**Work task:**
In this exercise, the entries below include pictures. Repeat exactly the lines from the line with "Iodim 10 Ml" to the line with "Ballerinas pentru femei Zaxy Black FF285050", including both, but without the pictures.

**Scraped caption text data:**
◇ ◇ ◇ ◇ ◇ ◇ ◇

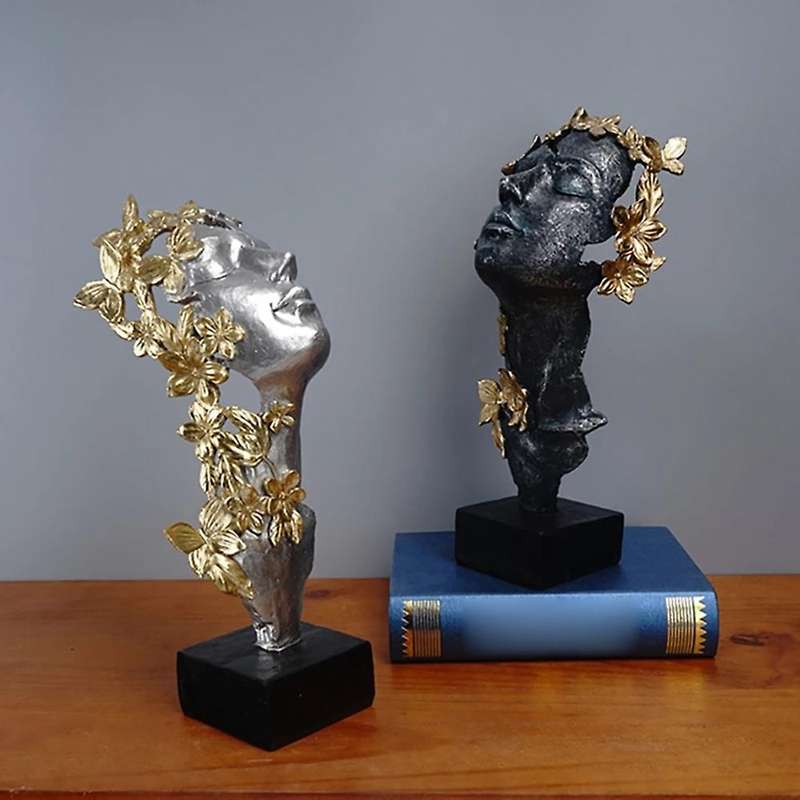 Resin Butterfly Girl Statues Goddess Figure Figurines for Crafts Ornaments Home Decoration Accessori
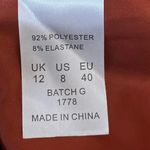 Oh Polly NEW  Silk Satin Brown Strapless Cowl Cocktail Tube Mini Sheath Dress 8 Photo 4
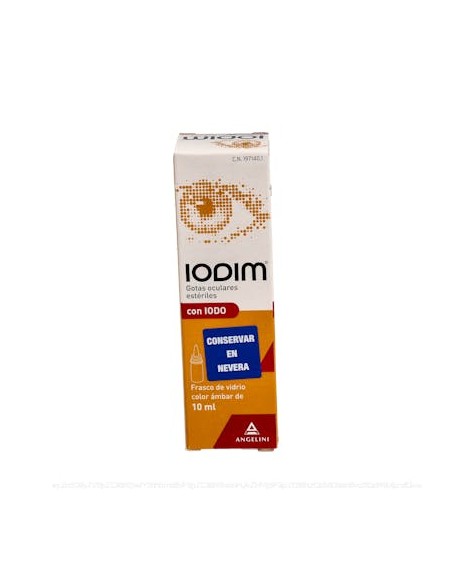 Iodim 10 Ml Gotas Oculares C/ Iodo de Angelini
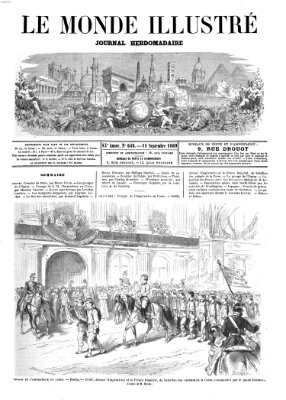 Le monde illustré Samstag 11. September 1869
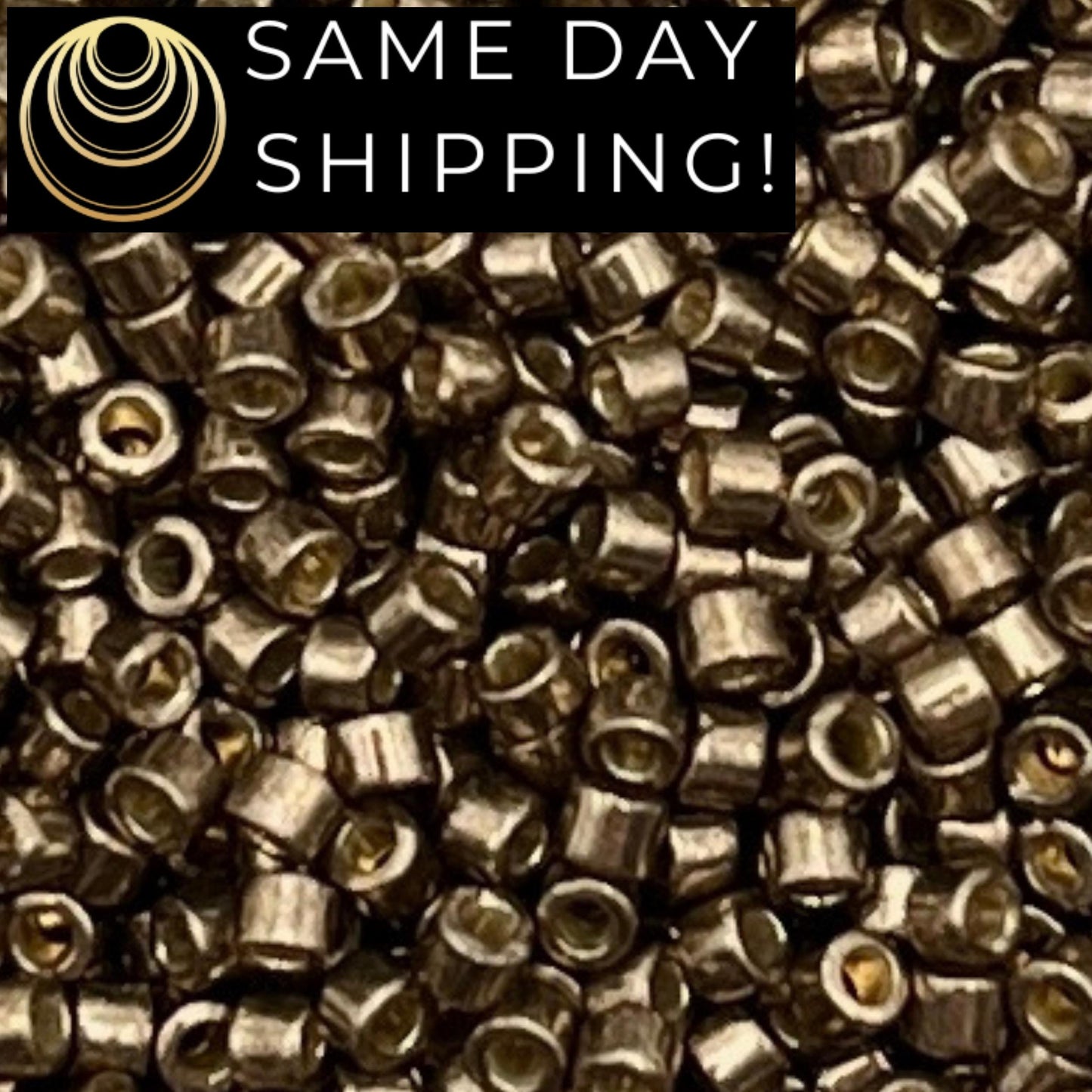 DB1852 SAME DAY SHIPPING! 1 Gram up to 20 Grams Miyuki 11/0 Delica Beads Duracoat Galvanized Pewter -Free Container!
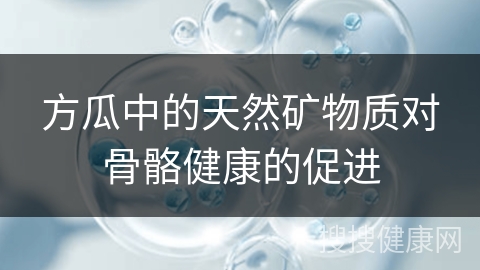 方瓜中的天然矿物质对骨骼健康的促进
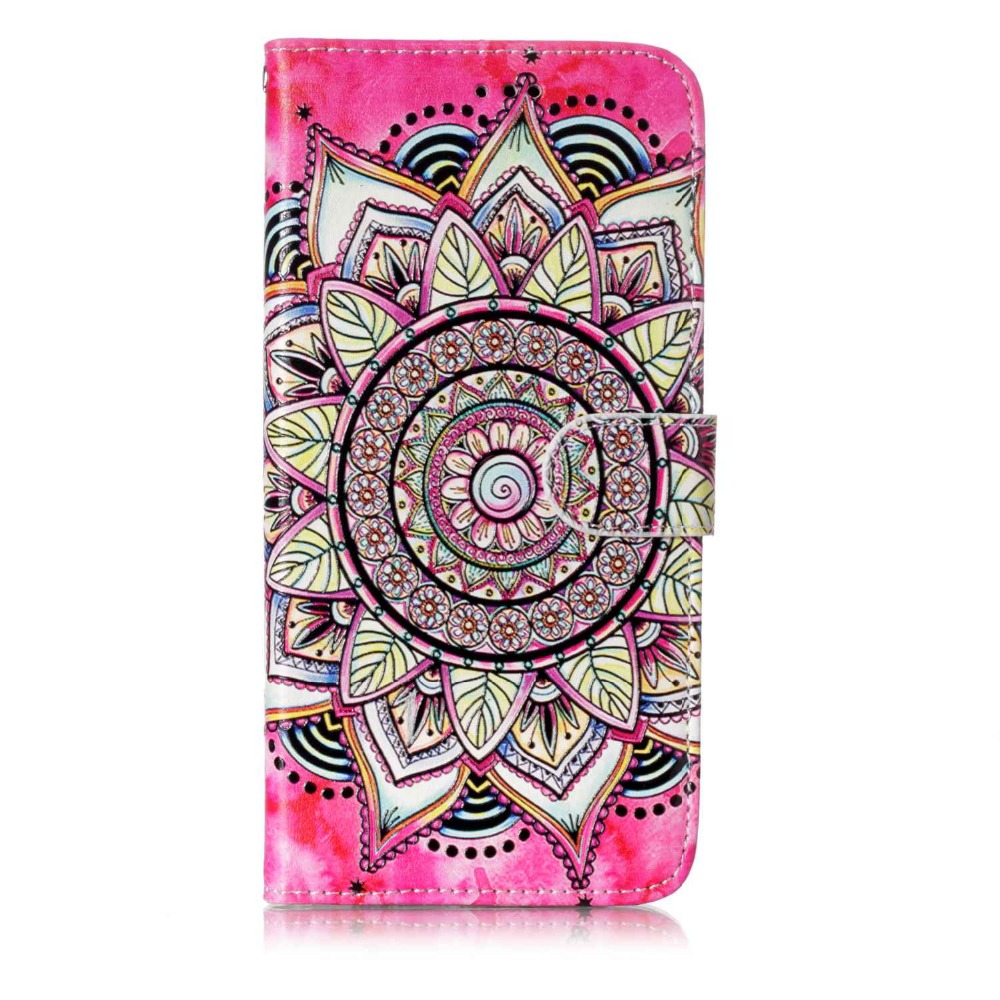 เคส Samsung Galaxy S9+ G965 #เคสฝาพับพิมพ์ลาย Rubberized Patterned PU Leather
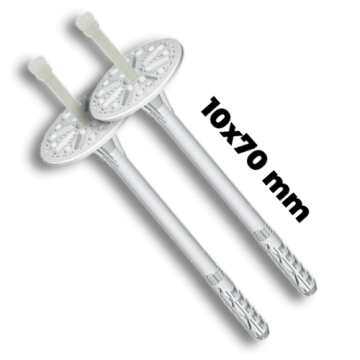 Műanyag beütőszeges dűbel 10x70 mm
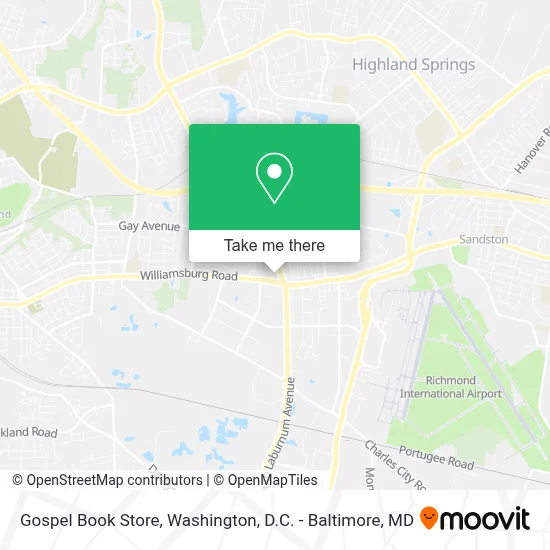 Gospel Book Store map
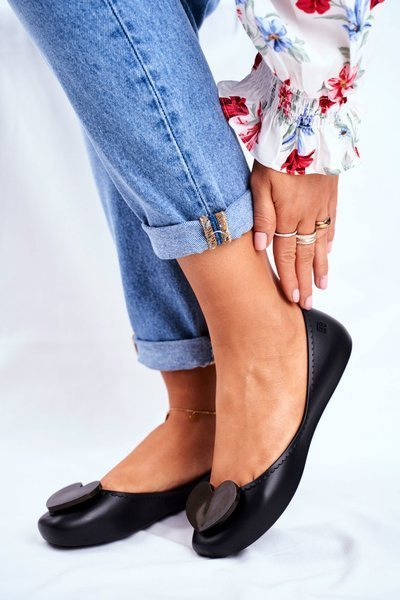 Ballerinas pentru femei Zaxy Black FF285050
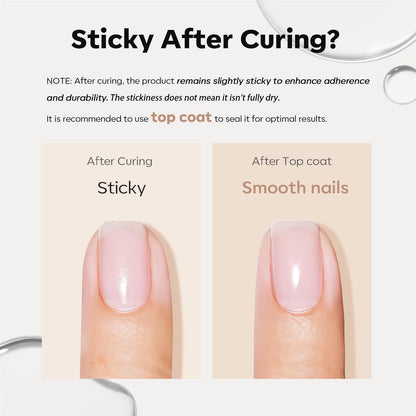 Builder Nail Gel, 7-In-One Clear Builder for Nails, LED Lamp Cured Color Rubber Base Gel Polish Coat Strengthener Thickening Extension Rhinestone Glue in a Bottle for DIY Home Salon Gifts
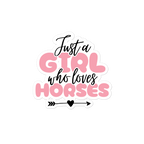 Horse Girl Sticker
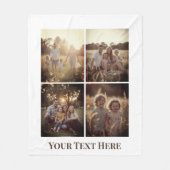 カスタム毛布コラージュパーソナライズされた写真 フリースブランケット (正面)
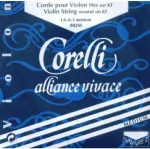 Corelli stygos smuikui Alliance E plieninė su kilpele; Medium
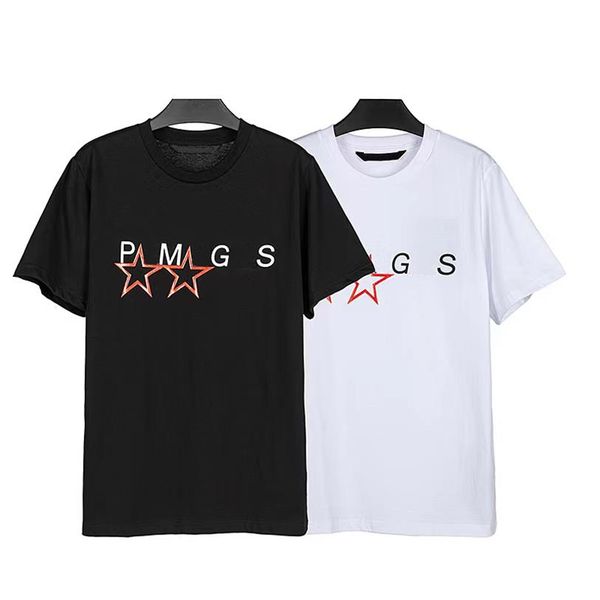 

european and american couples in summer trend half sleeve offset letters fashion loose round neck cotton short sleeve t-shirt, White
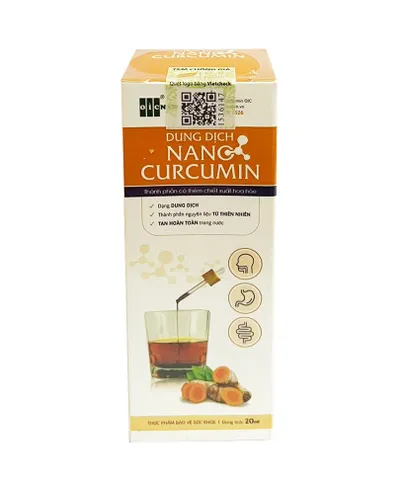 Dung dịch tinh chất nghệ OIC New Liquid Nano Curcumin 50ml - Hỗ trợ tiêu hóa và làm đẹp da hiệu quả cho sức khỏe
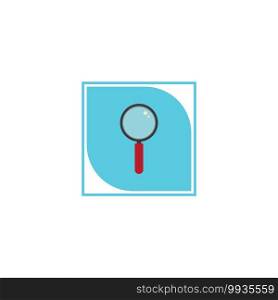 Magnifying glass icon vector logo design illustration,background.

◇ ◇ ◇ ◇ ◇ ◇ ◇

**Task result:**
 Iodim 10 Ml Gotas Oculares C/ Iodo de Angelini
 Le monde illustré Samstag 11. September 1869
 DB1852 SAME DAY SHIPPING! 1 Gram up to 20 Grams Miyuki 11/0 Delica Beads Duracoat Galvanized Pewter -Free Container!
 方瓜中的天然矿物质对骨骼健康的促进
 เคส Samsung Galaxy S9+ G965 #เคสฝาพับพิมพ์ลาย Rubberized Patterned PU Leather
 Műanyag beütőszeges dűbel 10x70 mm
 Gospel Book Store map
 Ballerinas pentru femei Zaxy Black FF285050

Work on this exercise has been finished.